Few Details: A couple of DomXPath query syntax is:

// get all book element which has info attribute and is a child of library 
query("//library/book[@info]") 

// get all name element which is a child of book which is a child of library (library is the root node)
query("/library/book/name'); 

// note: above i use single slash before library to specify its a root node

For full specs, please check out W3C’s page on XPath syntax

To register a namespace in DomXPath of PHP, use the following:

$xpath->registerNamespace('localName', namespaceURI');

Below is a way to parse it, At first load XML File on DomDocument and initialize DomXPath and then run the query method.
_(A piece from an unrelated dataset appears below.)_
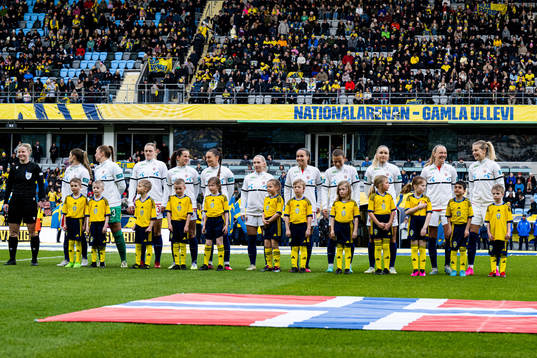Norwegian football team with kids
$dom = new DomDocument("1.0", "ISO-8859-1");
$dom->load('test.xml');
$xpath = new DomXPath($dom);

Lets say, I want to get all the names of book, then just do the following:

$bookList  = array();
$bookNodes = $xpath->query('//book/name'); // selects all name element
for($i=0;$i<$bookNodes->length;$i++) {
 $bookList[] = $bookNodes->item($i)->nodeValue;
}

// below is print_r of bookList
array(2) {
  [0]=>
  string(8) "SCJP 1.5"
  [1]=>
  string(18) "jQuery is Awesome!"
}

OK, simple enough. The above example doesn’t demonstrate how XPath makes life easier, so, lets parse YouTube’s featured RSS Playlist, which has namespace and a whole lot of elements. To keep it simple, I am only going to fetch the recently added Video’s Title and their corresponding URL.
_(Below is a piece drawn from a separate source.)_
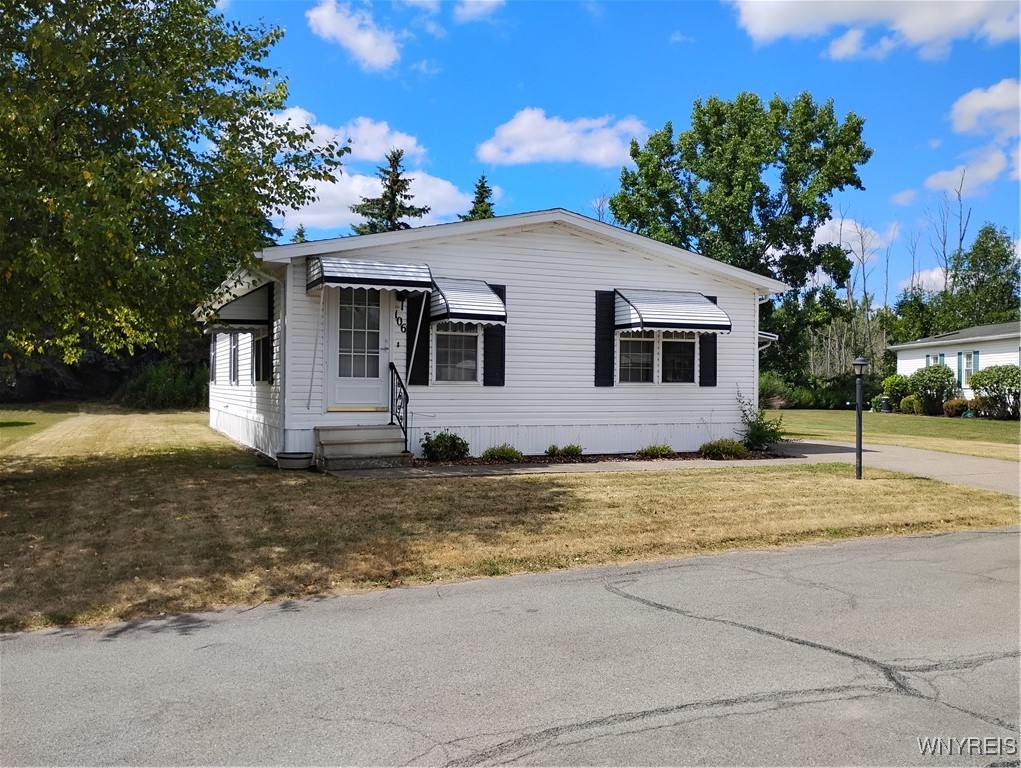 photo undefined: 106 Parkside Circle, Cheektowaga NY 14227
From the RSS file, it can be seen that URL is stored “href” attribute of ‘link’ the element which has attribute type as text/html. Below I show the snippet of ‘link’ element and title from the XML.


 ... 
  
    YouTube Symphony Orchestra @ Carnegie Hall - Act One
    ...
    
   ...
  
 ...

OK, so we need to get the following:

  1. The node value of ‘title’ element which has attribute type=’text’ and which is inside entry and entry is inside feed.
  2. The attribute value of ‘href’ which is of link element inside entry, and which is inside feed.
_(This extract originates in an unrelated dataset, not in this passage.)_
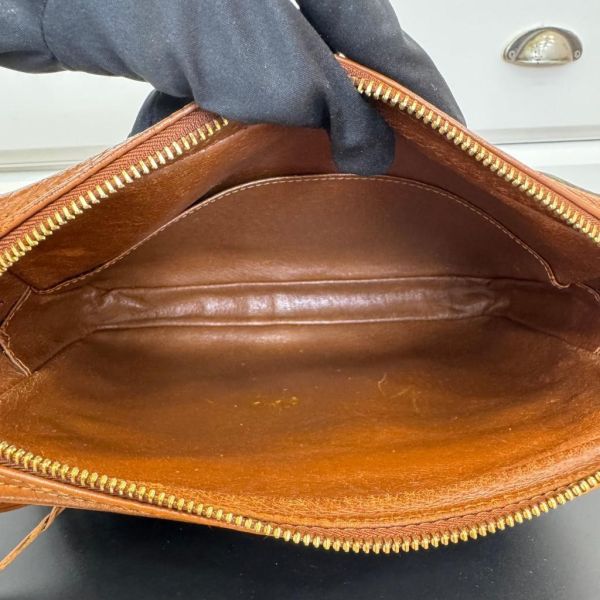 Louis Vuitton 方型手拿包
Below is the full code of how to read YouTube’s RSS

// initialize and the file into load DomDocument
$youTubeDom = new DomDocument();
$youTubeDom->load('http://gdata.youtube.com/feeds/api/standardfeeds/recently_featured');

// intialize an DomXPath object
$xPath 		= new DomXPath($youTubeDom);

// register the namespace on YouTube (its declared on feed element)
$xPath->registerNamespace('yte', 'http://www.w3.org/2005/Atom');

// now run the 2 queries, add the suffix of that namespace because feed, entry etc. belong to that namespace
$linkNodes 	= $xPath->query("/yte:feed/yte:entry/yte:link[@type='text/html']");
$titleNodes     = $xPath->query("/yte:feed/yte:entry/yte:title[@type='text']");


$recentList	= array();
for($i=0;$i<$titleNodes->length;$i++) {
	$recentList[$i] = array(
		'title' => $titleNodes->item($i)->nodeValue ,
		'url'	=> $linkNodes->item($i)->getAttribute('href')
	);
	
}

And Thats it. Here’s a var_dump of the $recentList


array(25) {
  [0]=>
  array(2) {
    ["title"]=>
    string(52) "YouTube Symphony Orchestra @ Carnegie Hall - Act One"
    ["url"]=>
    string(42) "http://www.youtube.com/watch?v=ueJcRmfweSM"
  }
  [1]=>
  array(2) {
    ["title"]=>
    string(38) ""The Internet Symphony" Global Mash Up"
    ["url"]=>
    string(42) "http://www.youtube.com/watch?v=oC4FAyg64OI"
  }
  [2]=>
  array(2) {
    ["title"]=>
    string(49) "Harmony: The Road to Carnegie Hall Teaser Trailer"
    ["url"]=>
    string(42) "http://m.youtube.com/details?v=oC4FAyg64OI"
  }
  [3]=>
  array(2) {
    ["title"]=>
    string(44) "The YouTube Symphony Orchestra Summit Begins"
    ["url"]=>
    string(42) "http://www.youtube.com/watch?v=wBZviTce94Q"
  }
  [4]=>
  array(2) {
    ["title"]=>
    string(47) "4/13@A.M. YouTubeSymphonyOrchestra Vlog by Eiko"
    ["url"]=>
    string(42) "http://m.youtube.com/details?v=wBZviTce94Q"
  }
  [5]=>
  array(2) {
    ["title"]=>
    string(50) ""Internet Symphony, Eroica" Rehearsal with Tan Dun"
    ["url"]=>
    string(42) "http://www.youtube.com/watch?v=lwVtmH9k-SI"
  }
  // ...... shortened .... 
  
}

I hope this explains how XPath simplifies reading XML files.